■ Source material
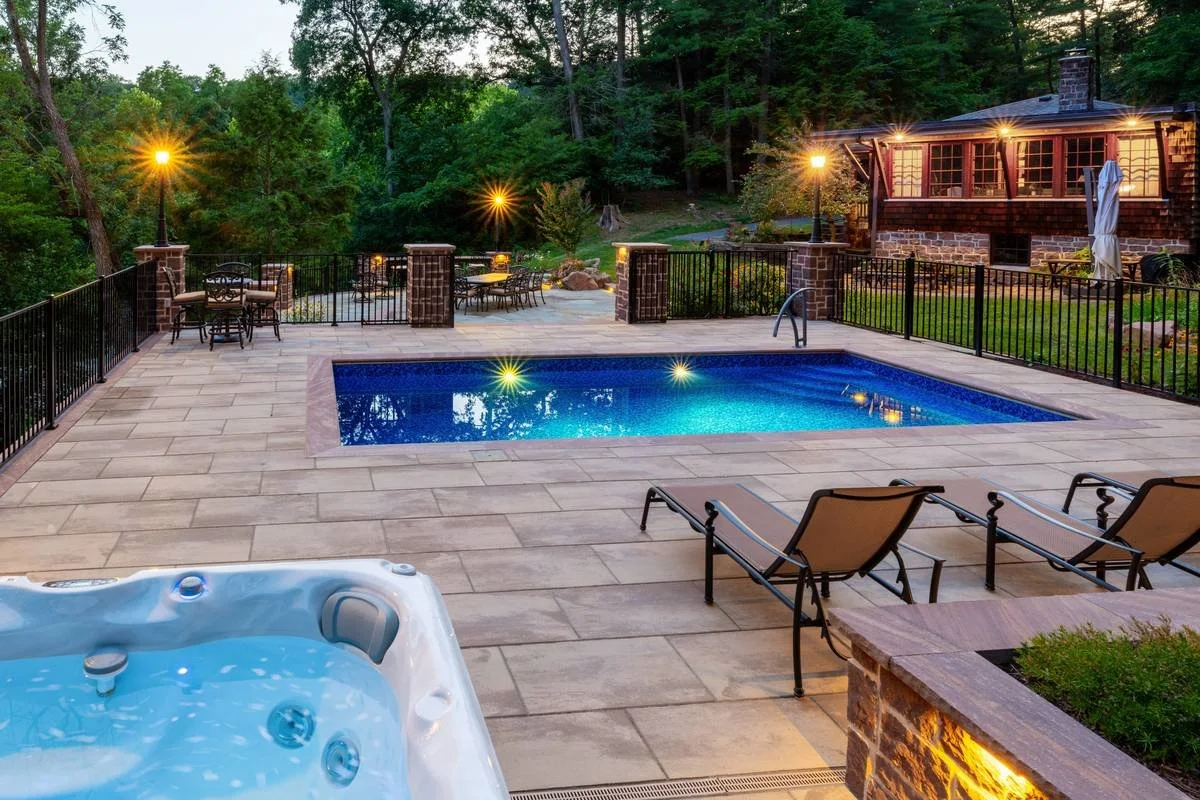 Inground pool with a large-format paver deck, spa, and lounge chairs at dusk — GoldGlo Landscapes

* * *

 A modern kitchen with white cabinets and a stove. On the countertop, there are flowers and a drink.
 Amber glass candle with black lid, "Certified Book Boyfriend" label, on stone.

■ What this task involves
In the entries above, please find the line with "A modern kitchen" and the line with "Amber glass candle", then write out exactly those two lines and every line between them, and nothing more.

■ Answer to this exercise
 A modern kitchen with white cabinets and a stove. On the countertop, there are flowers and a drink.
 Amber glass candle with black lid, "Certified Book Boyfriend" label, on stone.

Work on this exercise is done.